## Collected data
****************

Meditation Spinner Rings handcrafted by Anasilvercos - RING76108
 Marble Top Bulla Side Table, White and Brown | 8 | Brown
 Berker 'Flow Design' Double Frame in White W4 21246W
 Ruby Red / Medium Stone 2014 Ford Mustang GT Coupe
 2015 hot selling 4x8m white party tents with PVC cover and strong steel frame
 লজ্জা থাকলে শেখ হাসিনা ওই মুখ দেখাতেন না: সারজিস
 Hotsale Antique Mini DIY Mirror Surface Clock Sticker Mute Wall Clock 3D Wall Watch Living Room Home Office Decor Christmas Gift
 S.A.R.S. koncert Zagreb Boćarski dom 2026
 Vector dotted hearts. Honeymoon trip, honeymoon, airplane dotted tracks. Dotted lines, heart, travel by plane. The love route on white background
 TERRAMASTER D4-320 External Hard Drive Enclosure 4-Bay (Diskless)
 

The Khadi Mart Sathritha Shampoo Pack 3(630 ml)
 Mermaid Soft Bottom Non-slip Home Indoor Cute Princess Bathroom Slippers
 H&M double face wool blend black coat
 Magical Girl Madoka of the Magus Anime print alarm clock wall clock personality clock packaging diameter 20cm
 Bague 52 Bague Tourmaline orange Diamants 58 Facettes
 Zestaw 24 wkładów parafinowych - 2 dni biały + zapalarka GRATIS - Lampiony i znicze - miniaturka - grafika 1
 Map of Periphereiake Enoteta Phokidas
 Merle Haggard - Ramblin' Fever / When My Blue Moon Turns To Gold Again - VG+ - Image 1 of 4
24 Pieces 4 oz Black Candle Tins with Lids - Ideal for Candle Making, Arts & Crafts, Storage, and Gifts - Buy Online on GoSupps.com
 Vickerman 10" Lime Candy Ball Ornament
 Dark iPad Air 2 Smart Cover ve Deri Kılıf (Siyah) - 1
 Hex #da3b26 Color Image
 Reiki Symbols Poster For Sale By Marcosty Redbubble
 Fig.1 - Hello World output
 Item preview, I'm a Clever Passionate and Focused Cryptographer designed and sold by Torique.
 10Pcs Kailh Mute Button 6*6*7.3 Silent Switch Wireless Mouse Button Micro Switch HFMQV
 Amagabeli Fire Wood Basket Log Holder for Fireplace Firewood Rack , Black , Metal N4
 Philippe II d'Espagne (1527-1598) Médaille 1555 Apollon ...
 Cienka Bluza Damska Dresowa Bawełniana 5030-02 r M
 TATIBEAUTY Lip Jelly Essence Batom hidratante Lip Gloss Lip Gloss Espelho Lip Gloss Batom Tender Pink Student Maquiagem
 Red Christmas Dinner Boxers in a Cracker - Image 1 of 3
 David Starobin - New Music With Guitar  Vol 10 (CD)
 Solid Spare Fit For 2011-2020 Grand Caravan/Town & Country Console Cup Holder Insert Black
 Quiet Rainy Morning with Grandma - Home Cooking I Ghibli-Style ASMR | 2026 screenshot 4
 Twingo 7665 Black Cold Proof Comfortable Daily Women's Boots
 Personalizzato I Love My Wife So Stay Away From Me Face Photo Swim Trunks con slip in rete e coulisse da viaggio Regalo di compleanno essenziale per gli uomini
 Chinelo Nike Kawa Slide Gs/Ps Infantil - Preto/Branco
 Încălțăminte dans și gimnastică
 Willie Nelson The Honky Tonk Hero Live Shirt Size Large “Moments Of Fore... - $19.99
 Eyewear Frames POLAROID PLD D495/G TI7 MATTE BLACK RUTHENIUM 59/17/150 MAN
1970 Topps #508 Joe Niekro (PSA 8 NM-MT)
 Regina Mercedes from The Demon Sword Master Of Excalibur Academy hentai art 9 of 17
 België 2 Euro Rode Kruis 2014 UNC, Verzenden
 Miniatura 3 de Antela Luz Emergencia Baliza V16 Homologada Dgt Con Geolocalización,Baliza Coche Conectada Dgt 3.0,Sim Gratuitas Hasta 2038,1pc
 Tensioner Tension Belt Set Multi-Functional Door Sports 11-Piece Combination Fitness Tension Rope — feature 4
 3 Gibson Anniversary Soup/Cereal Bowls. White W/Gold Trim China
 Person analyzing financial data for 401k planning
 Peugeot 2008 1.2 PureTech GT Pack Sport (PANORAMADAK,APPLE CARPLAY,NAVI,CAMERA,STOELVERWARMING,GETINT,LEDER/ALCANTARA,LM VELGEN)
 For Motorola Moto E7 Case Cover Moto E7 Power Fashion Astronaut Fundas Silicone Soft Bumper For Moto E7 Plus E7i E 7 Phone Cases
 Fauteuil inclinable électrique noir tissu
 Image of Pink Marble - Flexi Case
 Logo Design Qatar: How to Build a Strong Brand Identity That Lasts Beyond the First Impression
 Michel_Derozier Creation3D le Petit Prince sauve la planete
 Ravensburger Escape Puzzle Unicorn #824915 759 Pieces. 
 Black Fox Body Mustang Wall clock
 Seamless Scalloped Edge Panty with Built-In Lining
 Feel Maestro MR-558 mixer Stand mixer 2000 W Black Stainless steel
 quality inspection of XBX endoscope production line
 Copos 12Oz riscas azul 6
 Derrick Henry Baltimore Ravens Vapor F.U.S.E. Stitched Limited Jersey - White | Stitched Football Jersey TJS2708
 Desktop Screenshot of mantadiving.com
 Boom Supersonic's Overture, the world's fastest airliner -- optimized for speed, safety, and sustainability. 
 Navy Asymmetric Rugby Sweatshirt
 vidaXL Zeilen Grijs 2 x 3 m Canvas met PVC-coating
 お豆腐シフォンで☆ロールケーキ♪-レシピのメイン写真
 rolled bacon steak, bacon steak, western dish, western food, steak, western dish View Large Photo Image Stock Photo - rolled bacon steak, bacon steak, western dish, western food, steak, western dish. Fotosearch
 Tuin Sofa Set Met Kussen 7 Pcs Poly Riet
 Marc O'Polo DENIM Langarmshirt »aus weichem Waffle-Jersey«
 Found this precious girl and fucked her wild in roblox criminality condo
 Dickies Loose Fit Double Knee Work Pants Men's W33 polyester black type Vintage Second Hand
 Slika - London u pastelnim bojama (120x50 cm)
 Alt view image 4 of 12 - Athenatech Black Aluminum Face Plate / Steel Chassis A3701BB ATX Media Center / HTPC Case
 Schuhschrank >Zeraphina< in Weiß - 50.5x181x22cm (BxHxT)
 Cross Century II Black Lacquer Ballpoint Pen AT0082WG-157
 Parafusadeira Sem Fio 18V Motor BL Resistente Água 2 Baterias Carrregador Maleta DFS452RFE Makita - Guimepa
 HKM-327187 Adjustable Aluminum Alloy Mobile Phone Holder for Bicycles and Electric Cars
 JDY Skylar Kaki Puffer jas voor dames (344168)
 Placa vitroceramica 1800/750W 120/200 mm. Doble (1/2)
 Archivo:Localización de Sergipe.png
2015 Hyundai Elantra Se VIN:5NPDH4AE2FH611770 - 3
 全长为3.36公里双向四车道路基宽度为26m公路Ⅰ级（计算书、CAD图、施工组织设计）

****************

## Exercise directions
Only a number is wanted: how many lines of the data above contain "Soft"?

## Response box
2